The Flink docs on S3 only present a few configuration examples, for example, how to configure access credentials. How can I set arbitrary configuration parameters like presto.s3.max-retry-time or fs.s3a.attempts.maximum in Flink?
Answer
Note: This section applies to Flink 1.5 or later.

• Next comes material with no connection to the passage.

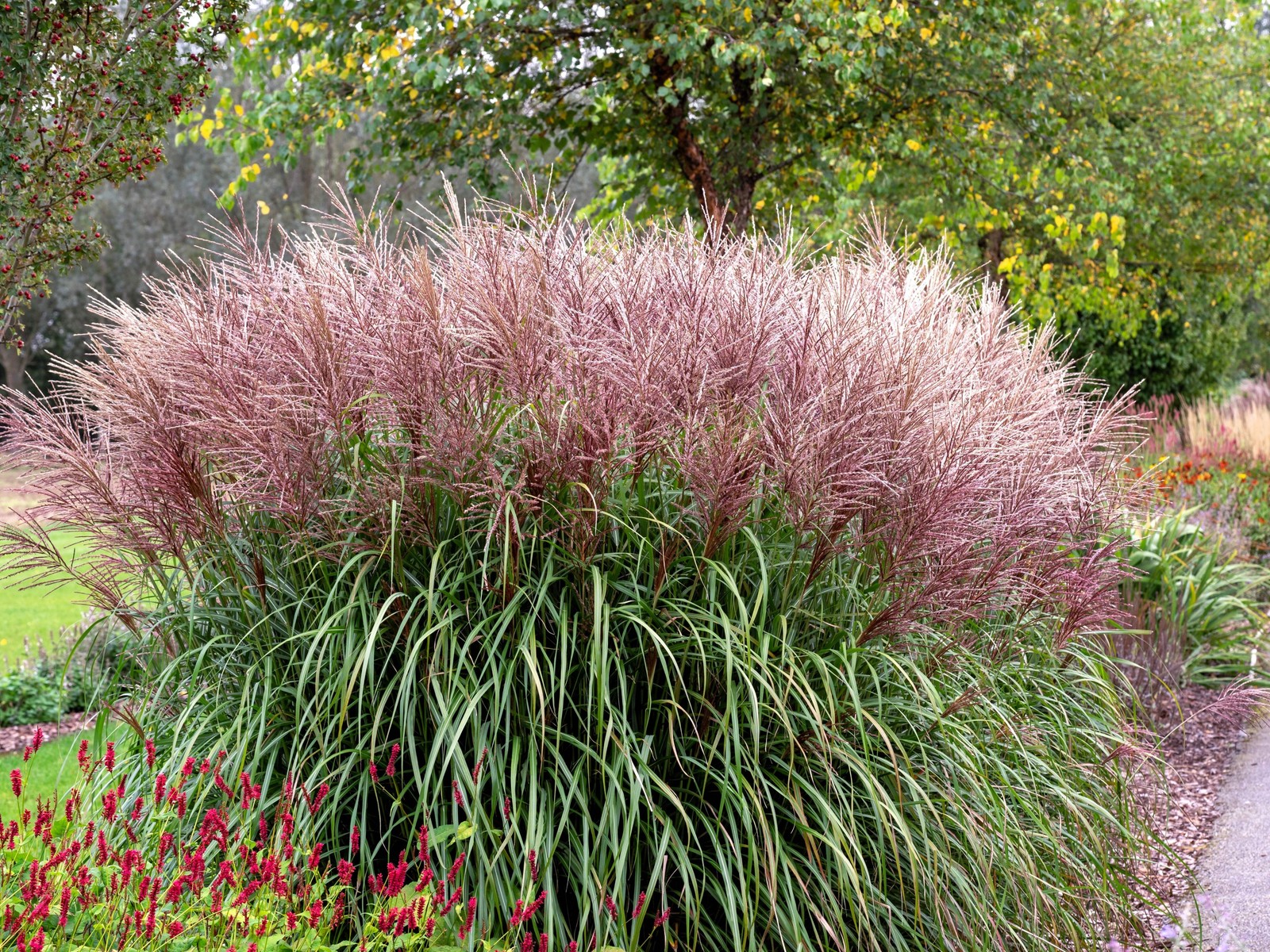 Red Maiden Grass Miscanthus Sinensis Ornamental Flower Seeds...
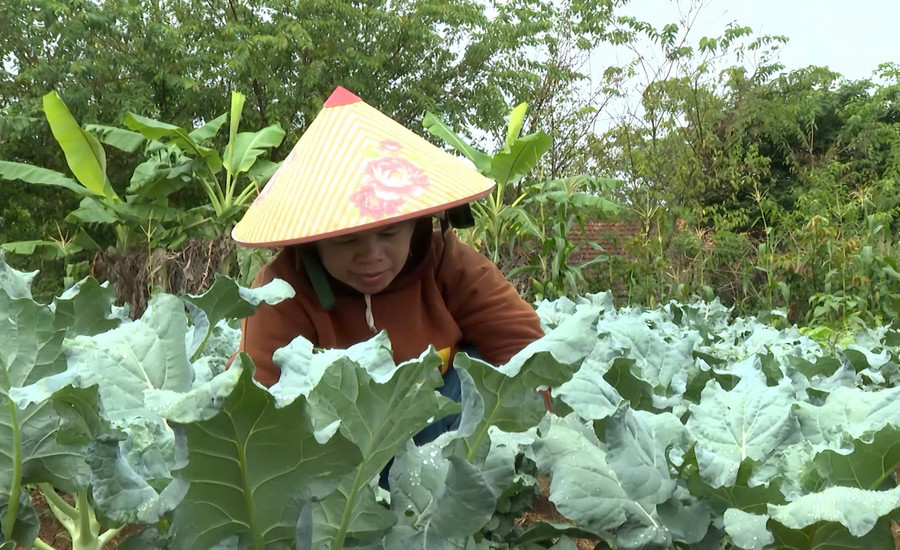 Chị Đinh Thị Boi chăm sóc vườn rau ôn đới của gia đình. Ảnh: Đ.T rau-an-toan.jpg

You can configure both S3 file system implementations via flink-conf.yaml. For configuration parameters to be forwarded to their native implementation, they need to match specific prefixes:
- Hadoop S3A:
s3.|s3a.|fs.s3a. - Presto S3:
s3.|presto.s3.
Examples
Please see the following examples for how the mapping is done. Please note a special replacement that allows s3.access-key/s3.access.key and s3.secret-key/ s3.secret.key to be used in both implementations despite their different native configuration names.
Flink-s3-fs-hadoop
flink-s3-fs-hadoop native | flink-conf.yaml variants
==============================================================
fs.s3a.access.key <-> s3.access.key
s3a.access.key
fs.s3a.access.key
s3.access-key
fs.s3a.secret.key <-> s3.secret.key
s3a.secret.key
fs.s3a.secret.key
s3.secret-key
fs.s3a.endpoint <-> s3.endpoint
s3a.endpoint
fs.s3a.endpoint
fs.s3a.proxy.host <-> s3.proxy.host
s3a.proxy.host
fs.s3a.proxy.host
fs.s3a.proxy.port <-> s3.proxy.port
s3a.proxy.port
fs.s3a.proxy.port
For more configuration options, please refer to Hadoop's AWS module documentation (the actual supported values may depend on the flink-s3-fs-hadoop version you use).
Flink-s3-fs-presto
flink-s3-fs-presto native | flink-conf.yaml variants
==============================================================
presto.s3.access-key <-> s3.access-key
presto.s3.access-key
s3.access.key
presto.s3.secret-key <-> s3.secret-key
presto.s3.secret-key
s3.secret.key
presto.s3.endpoint <-> s3.endpoint
presto.s3.endpoint
presto.s3.max-error-retries <-> s3.max-error-retries
presto.s3.max-error-retries
presto.s3.max-retry-time <-> s3.max-retry-time
presto.s3.max-retry-time
For more configuration options, please refer to Presto's S3 configuration docs replacing hive.s3 with presto.s3 (the actual supported values may depend on the flink-s3-fs-presto version you use).